The purpose of this paper is to extend these results to the
higher dimension analogues of the pebbling game and to a
more general poset version.
\section{Pebbling in ${\bf Z}^n$}
The $n$-dimensional version of the game, suggested by Paul Vaderlind \cite{V},
uses the integer grid points of
the first orthant. One starts with a single pebble on the origin and
a legal move replaces a pebble by $n$ pebbles, each one step away in
the $n$ coordinate directions.
The {\em weight} of a pebble with coordinates $(x_1,\ldots,x_n)$ is
$n^{-x_1-\cdots -x_n}$ and it is obvious that the total weight of
all pebbles is unchanged by a move in the pebbling game. If there
were a pebble on each point in the first orthant, the total weight
would be
$$ \sum_{x_i\ge 0} n^{-x_1-x_2-\cdots} =
\left(\sum_{i=0}^\infty n^{-i}\right)^n =
(1-\frac{1}{n})^{-n} \rightarrow e
\mbox{\quad when\ } n\rightarrow\infty$$
Weight calculations can be used to prove that a certain point set is
unavoidable, for example the seven-point set in ${\Bbb Z}^6$ consisting of
the origin and its six neighbours in the positive orthant. The total weight
that can be carried on all other orthant grid points is
$$ (1-\frac{1}{6})^{-6}-1 -\frac{1}{6} -\frac{1}{6}-\frac{1}{6} -\frac{1}{6} -
\frac{1}{6} -\frac{1}{6} = 0.98598\ldots \ ,$$
but the total pebble weight is one.
Dimension six is the lowest dimension in which this kind of proof will work,
but in fact the following is true.
\begin{proposition}\label{trident}
The four-point set in ${\Bbb Z}^n$, $n\ge 3$ consisting of the origin and
three neighbour points is unavoidable.
\end{proposition}
\begin{proof}
Consider the unit cube defined by the four-point set. When the four points
have been emptied, three other points on the cube will have received two
pebbles each, one of which must be sent along to the $(1,1,1)$-point.
But in a legal game, no point will receive more than two pebbles, as shown in
the proof of Proposition \ref{nk} below.\qed
\end{proof}
Proofs of this kind are greatly facilitated if several pebbles are allowed to
occupy the same point, at least temporarily.

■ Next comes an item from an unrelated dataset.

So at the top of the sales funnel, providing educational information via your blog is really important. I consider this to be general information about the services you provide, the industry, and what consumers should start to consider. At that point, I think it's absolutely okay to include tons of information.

The following result appears as Lemma 3
in \cite{FGMO} in the two-dimensional case and will be proved in
much greater generality in our next section, so let us just state it as
a fact.
\begin{fact}
If a configuration of pebbles with at most one pebble per point is
reachable by moves which allow stacking of pebbles, then it is also
reachable by moves which do not allow stacking.
\end{fact}
The {\em level} of an orthant point is the sum of its coordinates.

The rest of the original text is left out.